PROVIDED ENTRIES =
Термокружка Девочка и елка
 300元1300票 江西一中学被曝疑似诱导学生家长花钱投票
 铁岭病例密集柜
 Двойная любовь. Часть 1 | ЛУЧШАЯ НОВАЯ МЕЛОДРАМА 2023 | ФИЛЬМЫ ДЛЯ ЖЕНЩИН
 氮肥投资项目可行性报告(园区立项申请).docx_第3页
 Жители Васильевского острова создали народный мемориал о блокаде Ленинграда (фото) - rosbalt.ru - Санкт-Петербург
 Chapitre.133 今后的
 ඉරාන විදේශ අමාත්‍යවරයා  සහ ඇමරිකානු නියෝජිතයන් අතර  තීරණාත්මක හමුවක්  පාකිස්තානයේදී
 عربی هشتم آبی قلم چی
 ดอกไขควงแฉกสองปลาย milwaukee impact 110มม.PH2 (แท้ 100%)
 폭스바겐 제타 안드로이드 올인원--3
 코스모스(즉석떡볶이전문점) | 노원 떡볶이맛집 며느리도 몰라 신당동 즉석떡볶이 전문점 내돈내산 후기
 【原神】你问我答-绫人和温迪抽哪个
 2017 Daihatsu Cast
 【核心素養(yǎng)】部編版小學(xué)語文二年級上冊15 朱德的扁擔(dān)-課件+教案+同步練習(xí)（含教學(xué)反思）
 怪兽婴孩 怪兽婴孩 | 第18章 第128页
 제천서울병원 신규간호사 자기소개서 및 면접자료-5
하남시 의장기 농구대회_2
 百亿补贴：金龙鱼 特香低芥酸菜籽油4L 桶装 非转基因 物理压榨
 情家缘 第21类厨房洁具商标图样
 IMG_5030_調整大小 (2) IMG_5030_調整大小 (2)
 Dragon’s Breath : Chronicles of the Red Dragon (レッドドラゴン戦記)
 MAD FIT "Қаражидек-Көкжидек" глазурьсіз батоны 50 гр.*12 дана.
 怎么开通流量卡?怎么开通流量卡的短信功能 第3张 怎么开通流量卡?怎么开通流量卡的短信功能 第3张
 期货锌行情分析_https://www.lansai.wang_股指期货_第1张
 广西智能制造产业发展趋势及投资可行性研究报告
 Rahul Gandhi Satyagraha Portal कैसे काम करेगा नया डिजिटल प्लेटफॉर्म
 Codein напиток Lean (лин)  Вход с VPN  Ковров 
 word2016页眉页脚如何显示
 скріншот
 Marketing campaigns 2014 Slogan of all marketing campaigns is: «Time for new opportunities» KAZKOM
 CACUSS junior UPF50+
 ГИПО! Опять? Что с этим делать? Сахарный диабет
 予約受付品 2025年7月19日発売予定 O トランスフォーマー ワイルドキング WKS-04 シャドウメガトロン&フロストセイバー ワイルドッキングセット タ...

WHAT TO DO = Write every entry out again. Keep each one exact.

SOLUTION TO THIS TASK =
Термокружка Девочка и елка
 300元1300票 江西一中学被曝疑似诱导学生家长花钱投票
 铁岭病例密集柜
 Двойная любовь. Часть 1 | ЛУЧШАЯ НОВАЯ МЕЛОДРАМА 2023 | ФИЛЬМЫ ДЛЯ ЖЕНЩИН
 氮肥投资项目可行性报告(园区立项申请).docx_第3页
 Жители Васильевского острова создали народный мемориал о блокаде Ленинграда (фото) - rosbalt.ru - Санкт-Петербург
 Chapitre.133 今后的
 ඉරාන විදේශ අමාත්‍යවරයා  සහ ඇමරිකානු නියෝජිතයන් අතර  තීරණාත්මක හමුවක්  පාකිස්තානයේදී
 عربی هشتم آبی قلم چی
 ดอกไขควงแฉกสองปลาย milwaukee impact 110มม.PH2 (แท้ 100%)
 폭스바겐 제타 안드로이드 올인원--3
 코스모스(즉석떡볶이전문점) | 노원 떡볶이맛집 며느리도 몰라 신당동 즉석떡볶이 전문점 내돈내산 후기
 【原神】你问我答-绫人和温迪抽哪个
 2017 Daihatsu Cast
 【核心素養(yǎng)】部編版小學(xué)語文二年級上冊15 朱德的扁擔(dān)-課件+教案+同步練習(xí)（含教學(xué)反思）
 怪兽婴孩 怪兽婴孩 | 第18章 第128页
 제천서울병원 신규간호사 자기소개서 및 면접자료-5
하남시 의장기 농구대회_2
 百亿补贴：金龙鱼 特香低芥酸菜籽油4L 桶装 非转基因 物理压榨
 情家缘 第21类厨房洁具商标图样
 IMG_5030_調整大小 (2) IMG_5030_調整大小 (2)
 Dragon’s Breath : Chronicles of the Red Dragon (レッドドラゴン戦記)
 MAD FIT "Қаражидек-Көкжидек" глазурьсіз батоны 50 гр.*12 дана.
 怎么开通流量卡?怎么开通流量卡的短信功能 第3张 怎么开通流量卡?怎么开通流量卡的短信功能 第3张
 期货锌行情分析_https://www.lansai.wang_股指期货_第1张
 广西智能制造产业发展趋势及投资可行性研究报告
 Rahul Gandhi Satyagraha Portal कैसे काम करेगा नया डिजिटल प्लेटफॉर्म
 Codein напиток Lean (лин)  Вход с VPN  Ковров 
 word2016页眉页脚如何显示
 скріншот
 Marketing campaigns 2014 Slogan of all marketing campaigns is: «Time for new opportunities» KAZKOM
 CACUSS junior UPF50+
 ГИПО! Опять? Что с этим делать? Сахарный диабет
 予約受付品 2025年7月19日発売予定 O トランスフォーマー ワイルドキング WKS-04 シャドウメガトロン&フロストセイバー ワイルドッキングセット タ...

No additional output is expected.